Work instruction → Look through the lines below and extract each one that contains "Diamond".
[[ Input data open ]]
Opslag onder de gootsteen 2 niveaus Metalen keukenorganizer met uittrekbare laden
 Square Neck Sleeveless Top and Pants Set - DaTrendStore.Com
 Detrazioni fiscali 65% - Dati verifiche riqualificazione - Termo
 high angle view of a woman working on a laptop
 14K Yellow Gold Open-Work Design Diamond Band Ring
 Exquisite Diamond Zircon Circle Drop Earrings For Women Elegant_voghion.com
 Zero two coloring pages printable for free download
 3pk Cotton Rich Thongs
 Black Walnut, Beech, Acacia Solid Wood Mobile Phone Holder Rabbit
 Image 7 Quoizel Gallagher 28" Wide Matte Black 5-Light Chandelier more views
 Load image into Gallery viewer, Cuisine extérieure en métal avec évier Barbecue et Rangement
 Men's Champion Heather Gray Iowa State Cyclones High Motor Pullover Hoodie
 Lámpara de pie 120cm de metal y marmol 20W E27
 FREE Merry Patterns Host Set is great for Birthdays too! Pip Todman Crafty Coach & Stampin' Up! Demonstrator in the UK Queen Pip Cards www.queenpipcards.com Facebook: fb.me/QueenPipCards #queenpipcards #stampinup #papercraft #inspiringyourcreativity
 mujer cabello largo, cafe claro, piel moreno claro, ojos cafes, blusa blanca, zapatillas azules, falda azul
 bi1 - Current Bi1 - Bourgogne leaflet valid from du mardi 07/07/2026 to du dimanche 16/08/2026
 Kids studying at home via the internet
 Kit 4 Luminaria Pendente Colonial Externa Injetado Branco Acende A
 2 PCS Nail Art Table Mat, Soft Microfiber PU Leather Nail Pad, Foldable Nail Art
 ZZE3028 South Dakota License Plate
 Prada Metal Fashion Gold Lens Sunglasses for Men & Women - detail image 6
[[ Input data closed ]]
Written reply →
 14K Yellow Gold Open-Work Design Diamond Band Ring
 Exquisite Diamond Zircon Circle Drop Earrings For Women Elegant_voghion.com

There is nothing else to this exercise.